The future of this technology will depend on overcoming key challenges such as interoperability, energy-harvesting efficiency and cybersecurity, to ensure invisible, trustworthy and truly intelligent ecosystems.

5. AI-Driven Cybersecurity

In 2026, cybersecurity is evolving from reactive and static approaches towards a dynamic, AI-driven immune system. Faced with increasingly sophisticated threats, many of them generated or amplified by AI, organisations are deploying advanced models capable of analysing large volumes of data, identifying anomalous patterns and responding to incidents in real time, dramatically reducing detection and containment times.

Artificial intelligence applied to cybersecurity automates critical tasks such as anomaly detection, malware and intrusion identification, fraud prevention and incident forensics. Through machine learning, deep learning and natural language processing techniques, these systems continuously learn, improve accuracy, reduce false positives and scale defensive capabilities in increasingly complex digital environments. The incorporation of generative AI has further strengthened security teams’ ability to produce executive summaries, traceable reports and step-by-step mitigation recommendations.

This technological evolution aligns with the European regulatory framework (AI Act), which places ethics, explainability and human oversight at the core of system design. The strategic priority is no longer only protection, but resilience: the ability of systems to continue operating under attack.
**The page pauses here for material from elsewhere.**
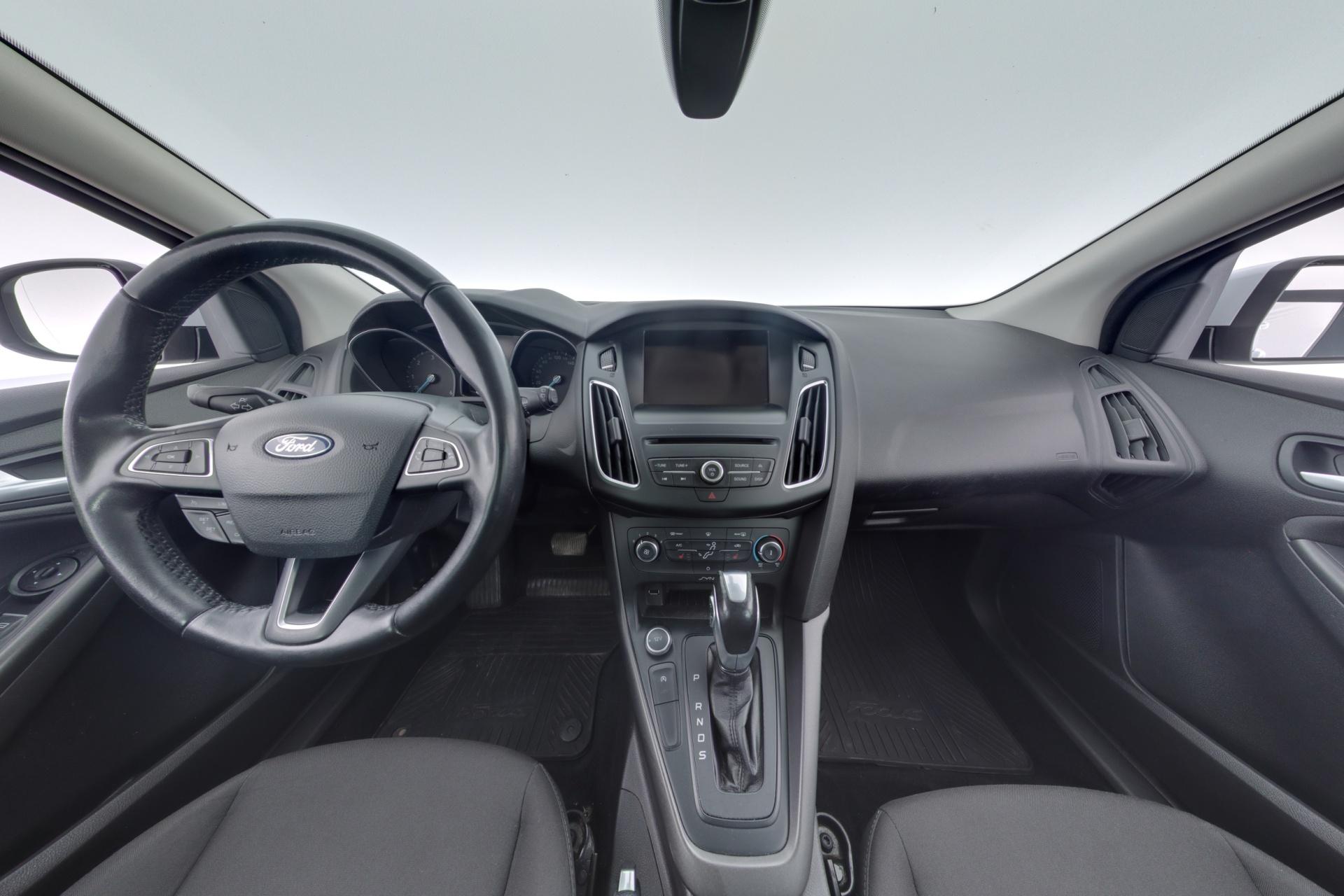 Ford Focus 2016, photo 7/11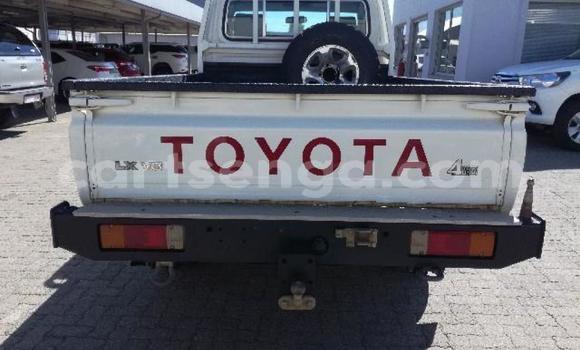 Buy Used Toyota Land Cruiser White Car in Import - Dubai in Hhohho Buy Used Toyota Land Cruiser White Car in Import - Dubai in Hhohho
In this context, digital trust becomes a differentiating asset, and cybersecurity a strategic decision critical to business continuity and technological sovereignty.

6. Federated Data Governance and Confidential Computing

In 2026, Cloud 3.0 marks a structural shift in digital architecture: sovereignty becomes the guiding principle. Organisations no longer rely on a single model, but combine hybrid, private, multicloud and sovereign architectures to support increasingly critical AI workloads. This evolution is not optional: large-scale AI, and especially agentic systems, requires scalable, low-latency and resilient infrastructures capable of operating as a single, distributed intelligent structure.
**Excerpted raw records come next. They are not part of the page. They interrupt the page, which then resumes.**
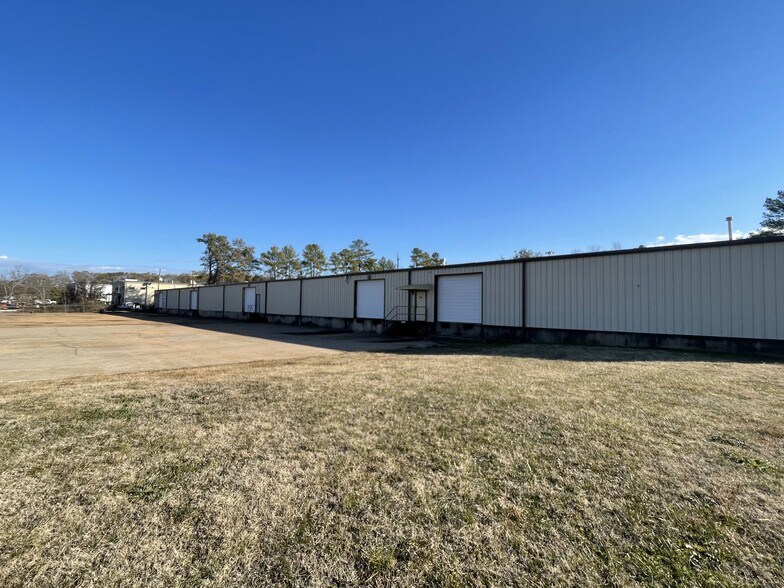 1014 Industrial Park Dr, Clinton, MS à vendre - Photo du bâtiment - Image 3 de 10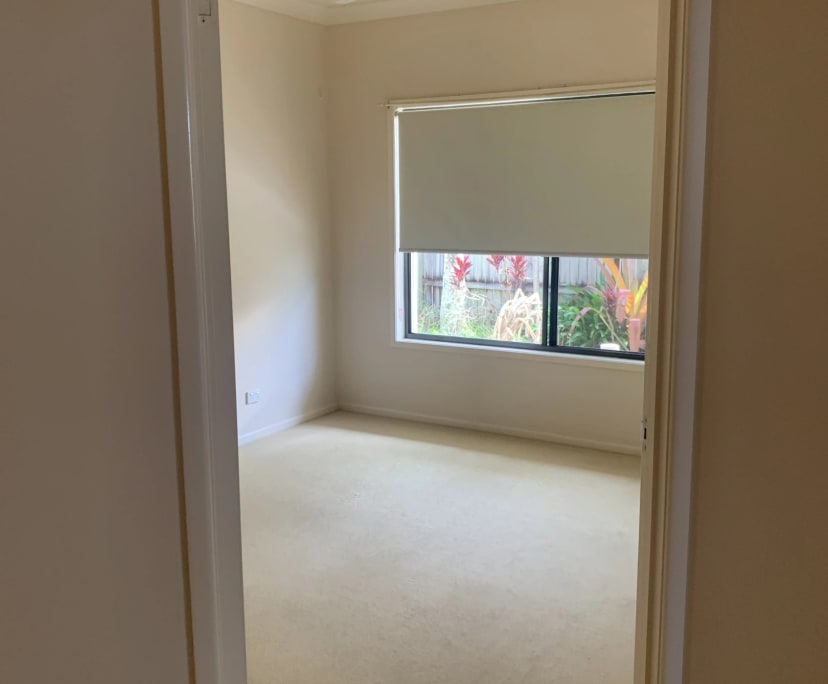 $215, Share-house, 4 bathrooms, Parrearra QLD 4575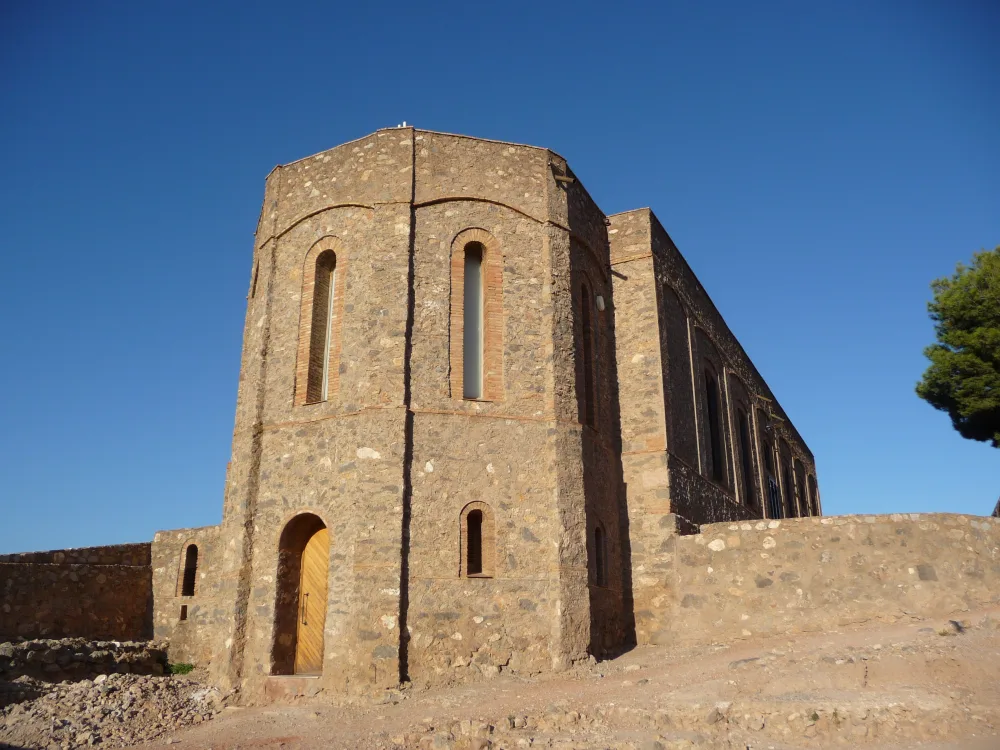 Detalle de torre con ventanas ojivales en el Castillo de las 300 Torres de Onda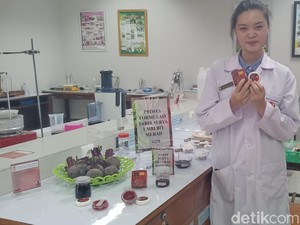 Ingin Beda, Mahasiswa Surabaya Bikin Tabir Surya dari Buah Bit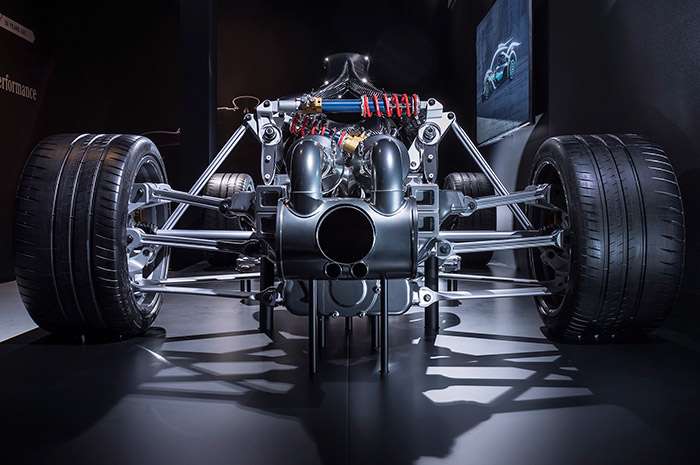 بررسی سیستم تعلیق amg پروژه یک؛ شاهکار مهندسی آلمانی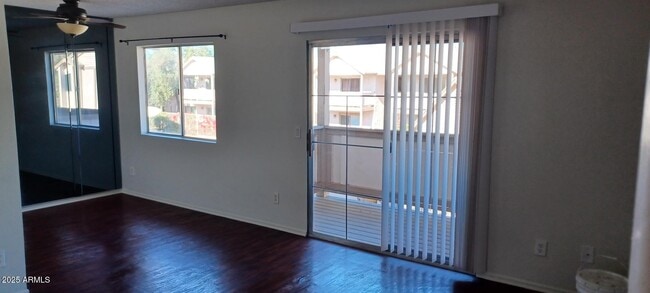 Building Photo - 616 S Hardy Dr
In this context, federated data governance emerges as a key enabler. It allows AI models to be trained and knowledge to be shared without exchanging raw data, resolving the dilemma between the need for large volumes of information and privacy protection. Confidential computing complements this approach by ensuring that data remain encrypted even during processing, an essential requirement in sectors such as healthcare, industry and defence.

Technological sovereignty is thus redefined as resilient interdependence rather than isolation. In the face of geopolitical pressure and operational risk, organisations prioritise diversification, selective control of critical layers and business continuity. Cloud 3.0 expands strategic options but also increases complexity: success will depend on agile governance, advanced technical capabilities and an adaptive mindset to operate with confidence in increasingly heterogeneous and strategic environments.

Technology Diplomacy and Geopolitics

In 2026, technology becomes the new lingua franca of diplomacy. Technological sovereignty is no longer understood as isolation, but as “resilient interdependence”. Spain has recognised that, to be a relevant actor in global alliances, it must control critical layers of the digital value chain, from data storage to semiconductors.

Technologies such as quantum computing and cybersecurity have become instruments of foreign policy. Spain leverages its capabilities in these areas to lead European missions on strategic autonomy, aligned with the European Union’s objective of ensuring technological independence. Collaboration with the European Investment Bank (EIB) and the deployment of Next Generation funds are pieces in a broader strategic chessboard aimed at ensuring that European values of privacy and ethics become global standards.